This article originally appeared on Brighthand.com.
Despite recent economic slowdowns, mobile phones continued to ship worldwide and the market actually experienced double-digit growth. Nokia and Samsung continued to hold their leading positions in market share.
During the first quarter of this year, the market for mobile phones worldwide were unaffected by the economic slowdown. In fact, shipments rose by a double-digit percentage compared to the same period in 2007.
Global mobile-handset shipments reached 296 million units during the first three months of this year, up 17% from the first quarter of 2007, according to market-research firm iSupply.
Results by company
Nokia easily maintained its market dominance last quarter.

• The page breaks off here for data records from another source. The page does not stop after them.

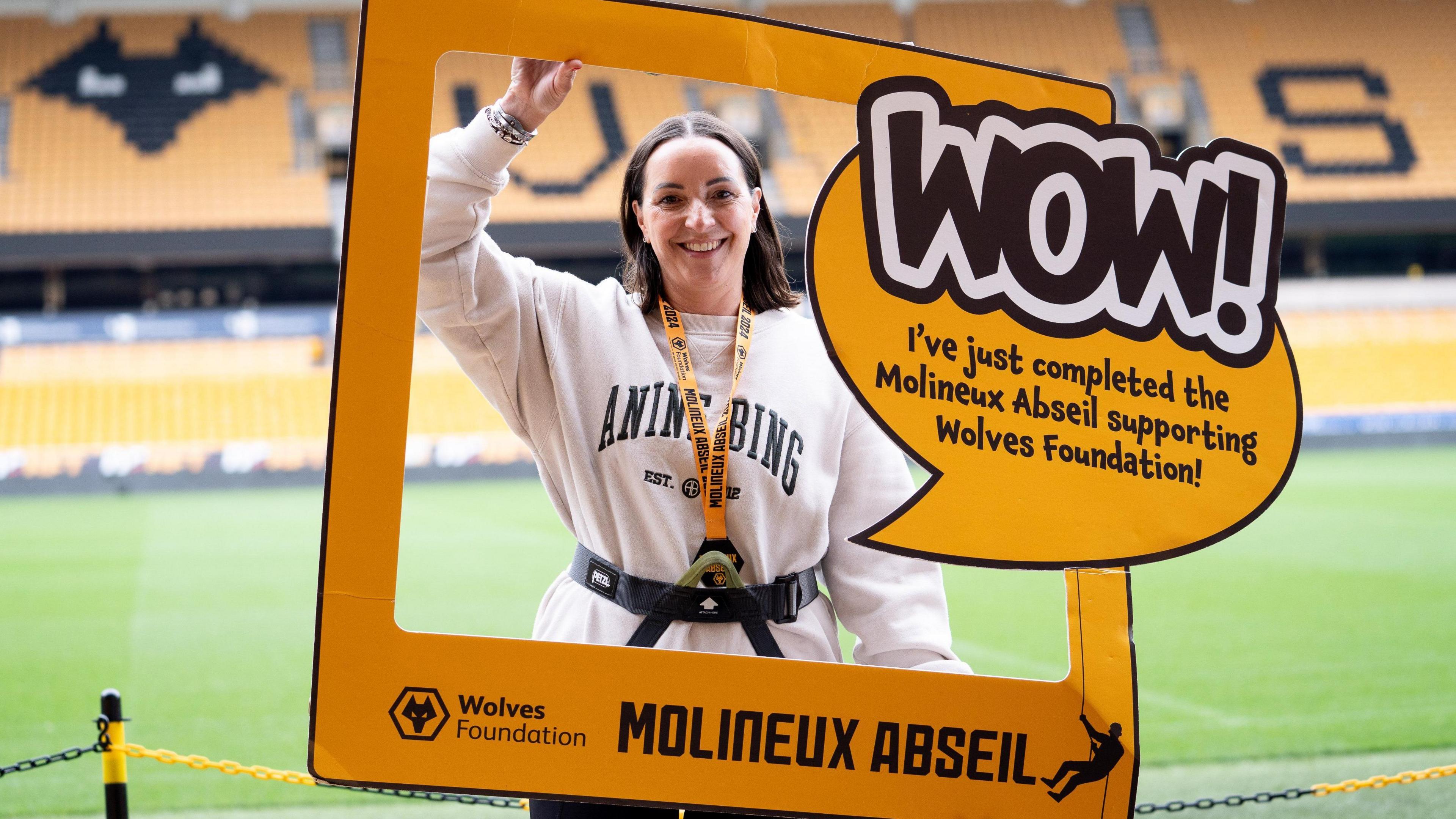 A woman with brown hair and a white jumper holding an orange picture frame that says 'Wow! I've just completed the Molineux Abseil supporting Wolves Foundation!" She is standing in the stadium grounds. 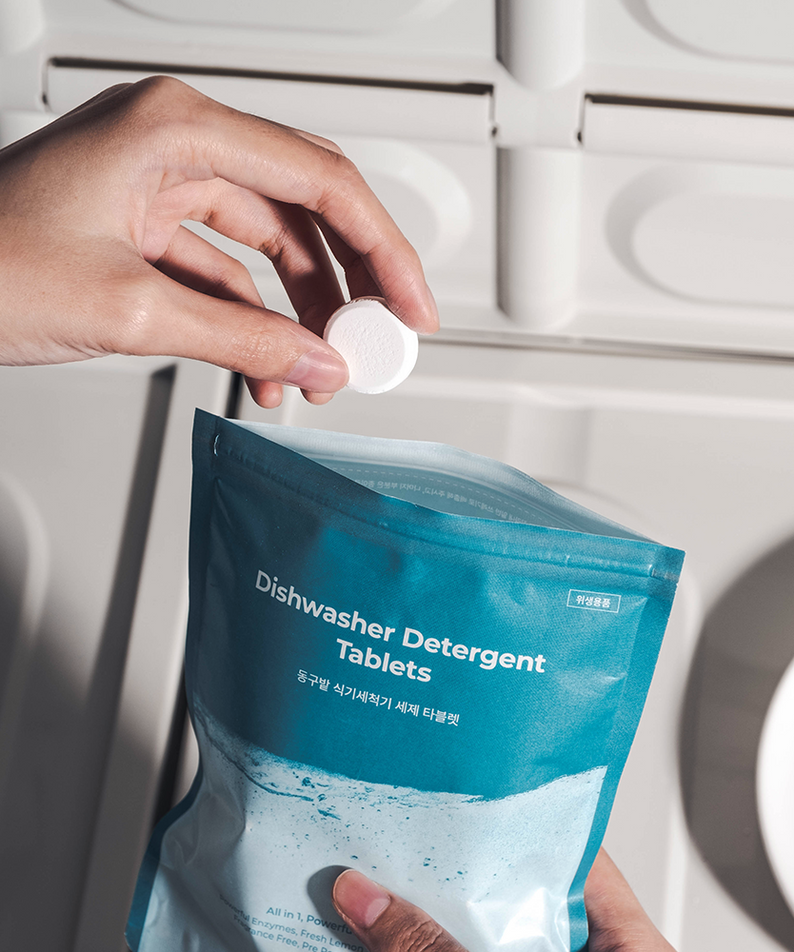 Main versant un comprimé dans le sac DONGGUBAT Dishwasher Detergent Tablets 60 240g, sur fond de cuisine moderne.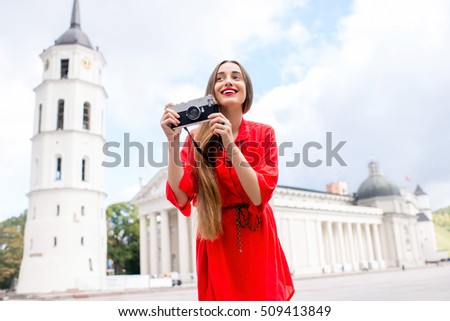 Portrait of a young female tourist with photo camera on the cathedral square in front of the famous basilica in Vilnius. Woman having great vacations in Lithuania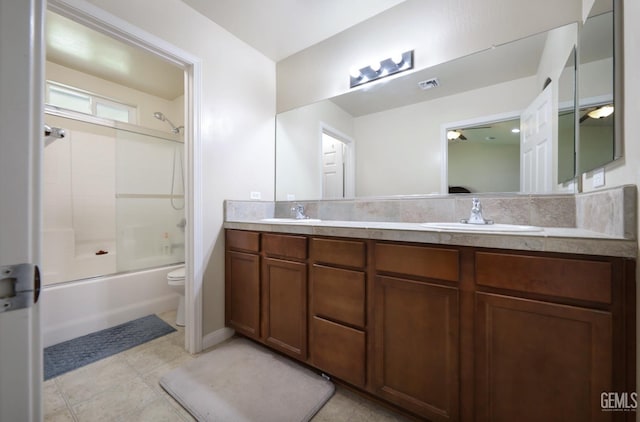 7215 Pine Flat Dr, Bakersfield, CA 93311 - full bathroom featuring toilet, double vanity, bathing tub / shower combination, and tile patterned floors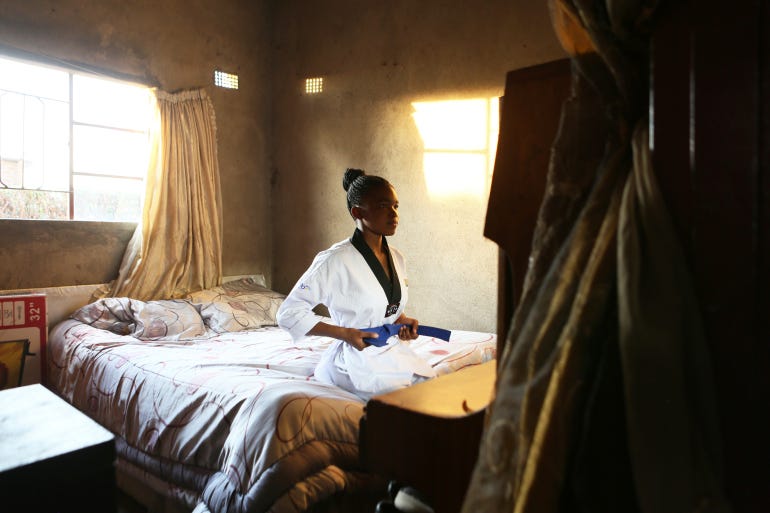 Natsiraishe Maritsa inside her room in the Epworth settlement near Harare [Tsvangirayi Mukwazhi/AP]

Its shipments of 115.5 million units gave it a market share of 39%. Shipments were up 26.8% year over year.
Samsung reinforced its No. 2 position in the first quarter of 2008. Its world handset market share rose to 15.6% in the first quarter, and its shipments were up 33%.
Amid serious losses, declining market share, and restructuring, Motorola's mobile-handset business continued to struggle. It had a 9.3% share of the market last quarter. It's mobile phone shipments had a yearly decline of 39.6% last quarter.
Just slightly behind Motorola was LG with 8.2% of the world market and Sony Ericsson with 7.5%. LG's shipments increased dramatically -- 54.4% -- to put it ahead of Sony Ericsson, whose sales only went up 2.3%.
LG credited its sales growth to strong results in emerging regions and in its home market of S. Korea. Sony Ericcson, on the other hand, blamed its weak performance in the first three months of this year on slow demand for mid-range to high-range handsets, areas which have traditionally been strong for the company.
Because shipments of smartphones are dwarfed by those of feature phones and dumbphones, companies like RIM and Apple are unlikely to make it in the top five list any time soon.